Souscrire une assurance obsèques pour simplifier la succession
Pour éviter ces complications financières aux héritiers, la souscription d’une assurance obsèques constitue la plus adaptée. Cette prévoyance permet de constituer un capital décès spécifiquement dédié au financement des funérailles.
Il existe deux types principaux d’assurances obsèques :
- Le contrat en capital : le défunt constitue un capital qui sera versé au bénéficiaire de son choix (conjoint, enfant, etc.). Ce bénéficiaire peut ensuite utiliser librement ces fonds pour organiser les obsèques.
- Le contrat en prestation : le capital est directement versé à l’entreprise funéraire choisis. Ce type de contrat permet également d’inscrire ses dernières volontés concernant l’organisation des obsèques (type de cérémonie, choix du cercueil, musiques, etc.).
Cette seconde option s’avère particulièrement utile lorsque :
- Le défunt souhaite s’assurer que ses volontés soient respectées.
- Il existe des tensions familiales.
- Il veut épargner à ses proches les démarches administratives et les choix difficiles.
L’assurance obsèques peut être souscrite auprès des compagnies d’assurances ou directement chez les entreprises de pompes funèbres qui travaillent en partenariat avec des assureurs.
Bon à savoir :
Au-delà de l'assurance obsèques, d'autres outils permettent d'optimiser la transmission patrimoniale : assurance vie, contrat de capitalisation, plan d’épargne retraite (PER), donations de son vivant ou démembrement de propriété. Ces solutions complémentaires contribuent à réduire les droits de succession dans le cadre d'une stratégie patrimoniale globale.

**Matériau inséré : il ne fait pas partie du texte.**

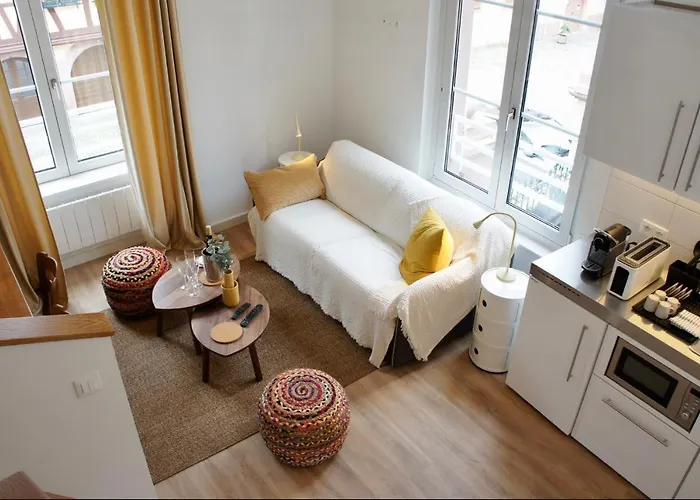 La Cour Du Vignoble Apartamento Kaysersberg-Vignoble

FAQ - Foire aux questions sur les frais d’obsèques et la succession
Quels biens de la succession peuvent être utilisés pour payer les obsèques ?
En principe, tous les biens de l'actif de la succession peuvent servir au paiement des frais d'obsèques. Le notaire peut autoriser la vente de biens ou le déblocage de fonds pour couvrir ces frais urgents, même avant le règlement définitif de la succession.
Peut-on déduire les frais d’obsèques des impôts ?
Deux situations permettent une déduction : 1) Au niveau de la succession, dans la limite de 1 500 € déductibles de l'actif successoral ; 2) Au niveau personnel, si vous avez payé les frais et que la succession ne peut pas les rembourser, vous pouvez les déduire de vos revenus imposables.
Que se passe-t-il si la succession est insuffisante pour couvrir les frais ?
Les descendants et le conjoint survivant restent tenus de participer aux frais selon leurs moyens, même si la succession est déficitaire. Des aides publiques peuvent être sollicitées auprès de l'Assurance Maladie ou d'autres organismes selon le statut du défunt.